Avukatları, savcı ile görüştüğünde, suçlamaya dair daha fazla detay öğrenmiş olacağız.

Ama sürecin bu teknik yanı dışında, onu belirleyen politik ve dönemsel bağlam üzerine kuşkusuz şimdi de konuşabiliriz.

İktidarın Fırat’ın doğusuna operasyon için ısrarcı olduğu ve içeride de, böyle dönemlerin bir politik asimetrisi olarak muhalefeti susturmak ve dizayn etmek üzere harekete geçtiği bir dönemdeyiz. Diyarbakır, Van ve Mardin belediyelerinin seçilmiş HDP’li başkanlarının görevden alınarak yerine kayyum atanması, yüzlerce kişinin gözaltına alınması ve eş zamanlı olarak ülkenin batısında da, ‘PKK-KCK’ parantezi ile sunulan bir sürecin düğmesine basılması.
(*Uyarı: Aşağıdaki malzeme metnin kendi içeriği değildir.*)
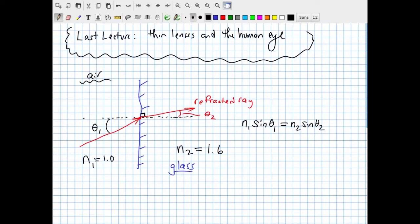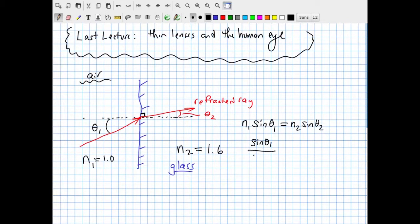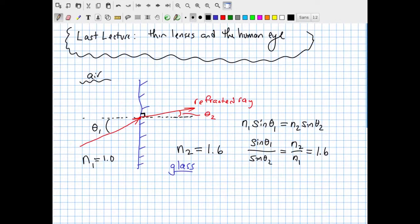Snell's Law is simply N1 times the sine of theta1 must equal N2 times the sine of theta2. We can rearrange this equation to write the ratio of the sines in terms of the ratio of the indices of refraction. Sine theta1 divided by sine theta2 equals N2 over N1. With the indices I've picked — 1.6 for glass and 1.0 for air — this ratio is simply 1.6.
Bu tür gözaltı süreçlerinde savcıların, yukarıdan belirlenen siyasi hedeflerle bağlantılı olarak harekete geçtiği bilindiğinden, bu noktada önemli olan o ‘Düğmeye basma’ tutumunu belirleyen politik hedefler oluyor.

Ayşegül Tözeren’in gözaltına alınma haberi duyulduğunda sosyal medyadaki ilk tepkiler arasında hayret ifade eden paylaşımlar da vardı. Çok anlaşılabilir nedenlerle. Edebiyat eleştirileriyle, hak mücadelesi konusundaki dik duruşuyla, barışçıl kişiliğiyle bilinen Ayşegül’ün, böyle bir suçlamanın kapsamı içine sokulması, siyasal operasyonların bağlamının daha da genişleyebileceğinin bir işareti kuşkusuz.
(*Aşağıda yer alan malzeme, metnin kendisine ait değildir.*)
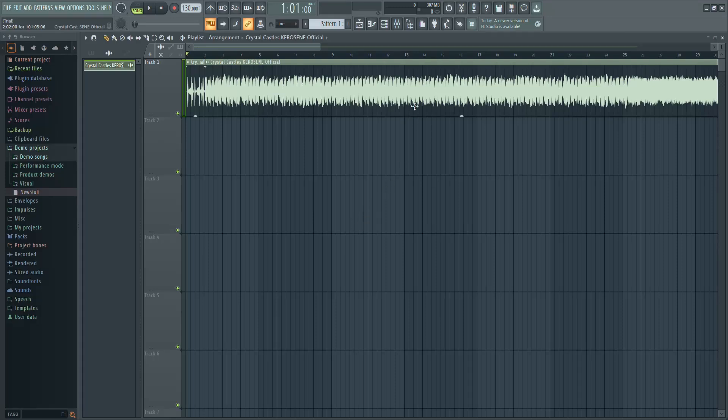In this video, I'll show you how to fix the issue when FL Studio is not playing when you press play.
Ancak tüm bunlarla birlikte “Ayşegül’ün suçu ne?” sorusuna verilebilecek kanımca en doğru yanıt şu olabilir: Susmamak, eğilmemek ve dayanışmadan hiçbir surette geri durmamak.

Peki gecenin kör karanlığında bir aydına, onun annesine, tüm ailesine ve dostlarına bunların yaşatıldığı bir ülke olmaktan kurtuluş yok mu? Aslında bunun kolay bir yolu var. Ayşegül gibi, yaşadığı toplumun, dünyanın sorunları karşısında kıpır kıpır olan, tepki vermeden duramayanların sayısı ne kadar çoğalırsa, bu kör karanlık bezirganları da o kadar güçsüz ve çaresiz kalacaktır.